→ ABOUT THIS TASK
Among the lines below, keep only those from the one containing "Women's X-SCAPE NBK" through the one containing "Lampa Wisząca Oscar (77587) Endon", and reproduce them exactly.

── INFORMATION GIVEN

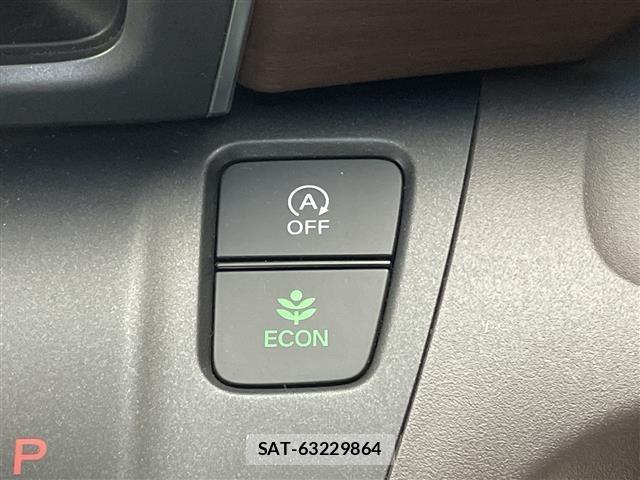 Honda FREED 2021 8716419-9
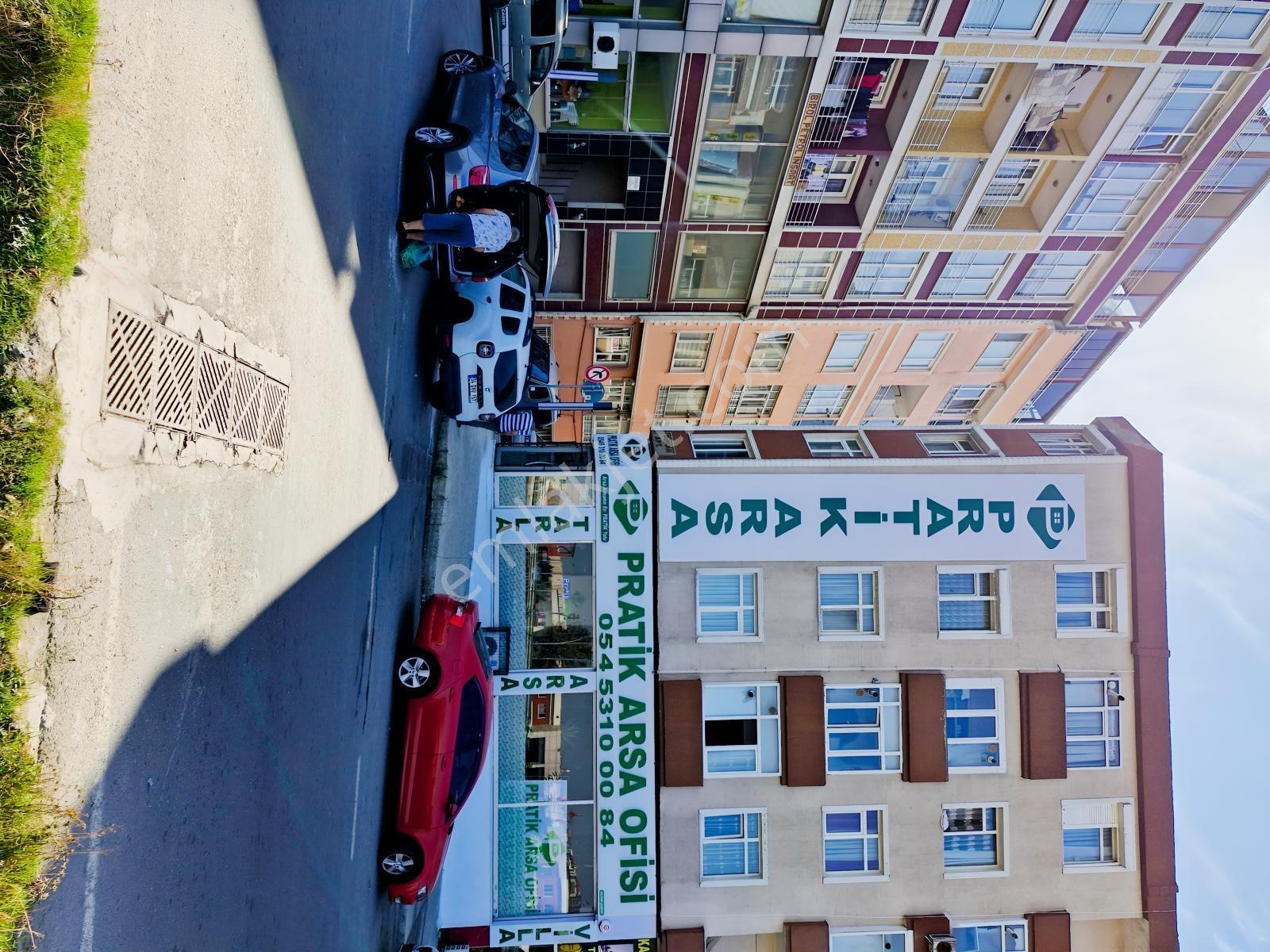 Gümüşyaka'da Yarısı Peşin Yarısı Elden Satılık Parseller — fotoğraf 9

────
── INFORMATION GIVEN

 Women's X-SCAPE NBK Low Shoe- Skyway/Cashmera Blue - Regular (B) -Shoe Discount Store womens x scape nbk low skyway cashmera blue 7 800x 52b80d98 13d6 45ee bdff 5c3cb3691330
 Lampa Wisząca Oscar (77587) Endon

────

→ SOLUTION FOR THIS TASK
 Women's X-SCAPE NBK Low Shoe- Skyway/Cashmera Blue - Regular (B) -Shoe Discount Store womens x scape nbk low skyway cashmera blue 7 800x 52b80d98 13d6 45ee bdff 5c3cb3691330
 Lampa Wisząca Oscar (77587) Endon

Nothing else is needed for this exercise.